* INPUT DATA *
******************************
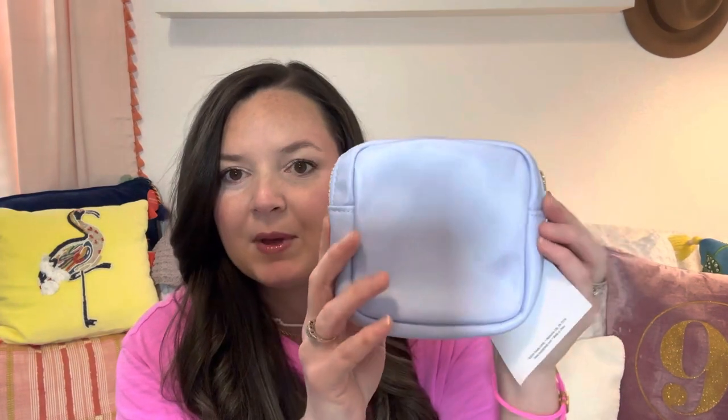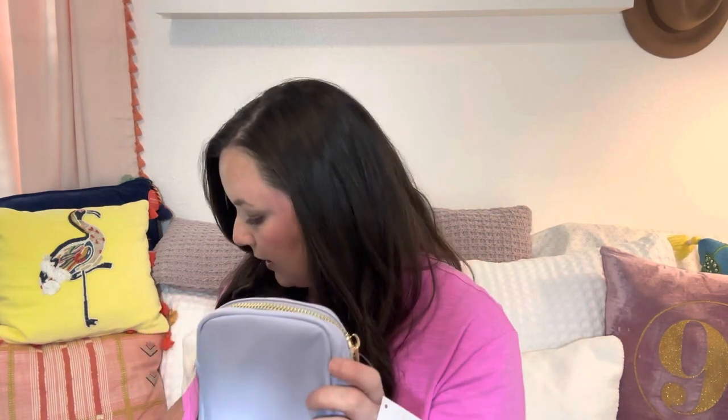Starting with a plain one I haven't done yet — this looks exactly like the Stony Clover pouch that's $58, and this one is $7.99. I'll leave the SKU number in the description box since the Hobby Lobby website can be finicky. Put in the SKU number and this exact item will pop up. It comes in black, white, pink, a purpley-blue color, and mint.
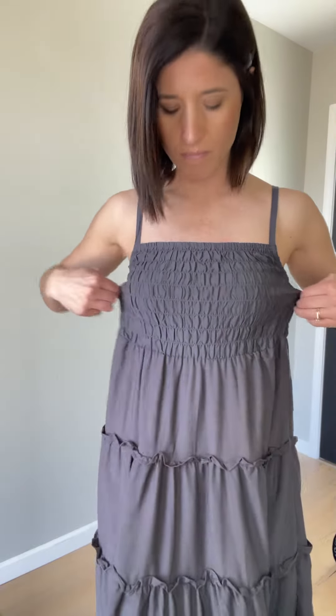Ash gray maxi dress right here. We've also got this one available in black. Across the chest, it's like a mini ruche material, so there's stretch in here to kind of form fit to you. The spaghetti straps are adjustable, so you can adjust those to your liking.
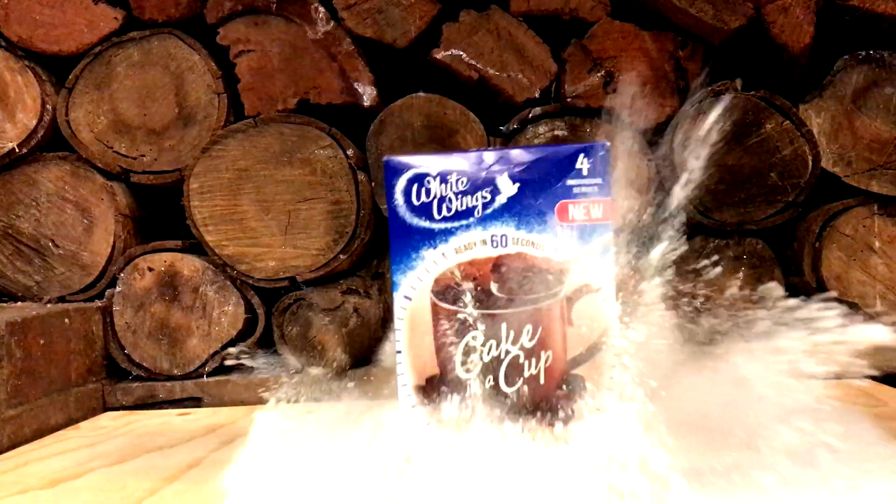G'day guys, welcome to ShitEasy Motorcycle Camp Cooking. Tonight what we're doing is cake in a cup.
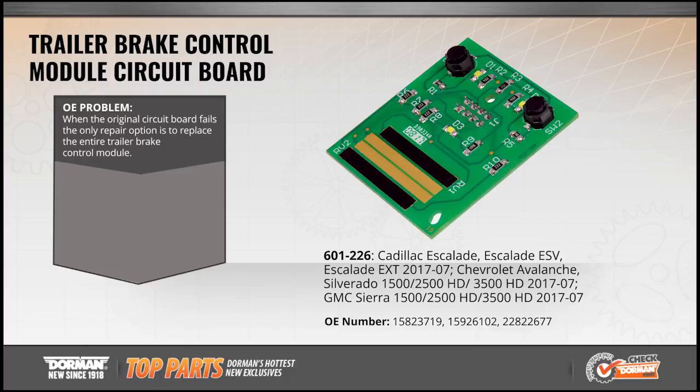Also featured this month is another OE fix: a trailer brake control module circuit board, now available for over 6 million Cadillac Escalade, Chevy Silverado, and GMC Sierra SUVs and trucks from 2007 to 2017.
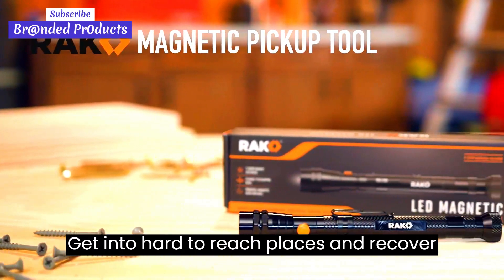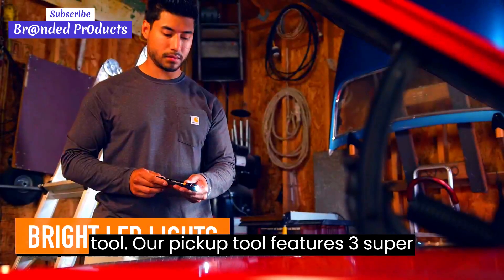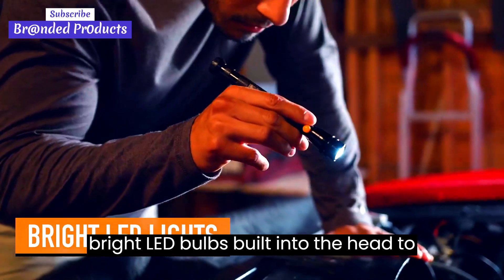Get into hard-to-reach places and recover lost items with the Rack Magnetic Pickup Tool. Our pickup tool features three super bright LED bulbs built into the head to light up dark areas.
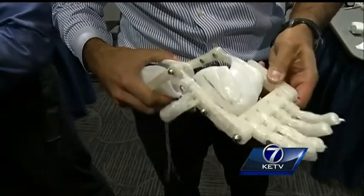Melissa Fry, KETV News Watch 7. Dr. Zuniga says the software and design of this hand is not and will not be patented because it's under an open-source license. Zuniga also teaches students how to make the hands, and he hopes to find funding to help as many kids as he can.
******************************
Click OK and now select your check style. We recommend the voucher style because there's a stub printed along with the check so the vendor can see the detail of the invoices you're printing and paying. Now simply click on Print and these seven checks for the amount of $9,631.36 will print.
******************************
* EXERCISE DIRECTIONS *
Print from the line containing "Starting with a" through the line containing "Get into hard-to-reach" in the data above, exactly as the lines stand, and omit every picture.

* SOLUTION FOR THIS EXERCISE *
Starting with a plain one I haven't done yet — this looks exactly like the Stony Clover pouch that's $58, and this one is $7.99. I'll leave the SKU number in the description box since the Hobby Lobby website can be finicky. Put in the SKU number and this exact item will pop up. It comes in black, white, pink, a purpley-blue color, and mint.
Ash gray maxi dress right here. We've also got this one available in black. Across the chest, it's like a mini ruche material, so there's stretch in here to kind of form fit to you. The spaghetti straps are adjustable, so you can adjust those to your liking.
G'day guys, welcome to ShitEasy Motorcycle Camp Cooking. Tonight what we're doing is cake in a cup.
Also featured this month is another OE fix: a trailer brake control module circuit board, now available for over 6 million Cadillac Escalade, Chevy Silverado, and GMC Sierra SUVs and trucks from 2007 to 2017.
Get into hard-to-reach places and recover lost items with the Rack Magnetic Pickup Tool. Our pickup tool features three super bright LED bulbs built into the head to light up dark areas.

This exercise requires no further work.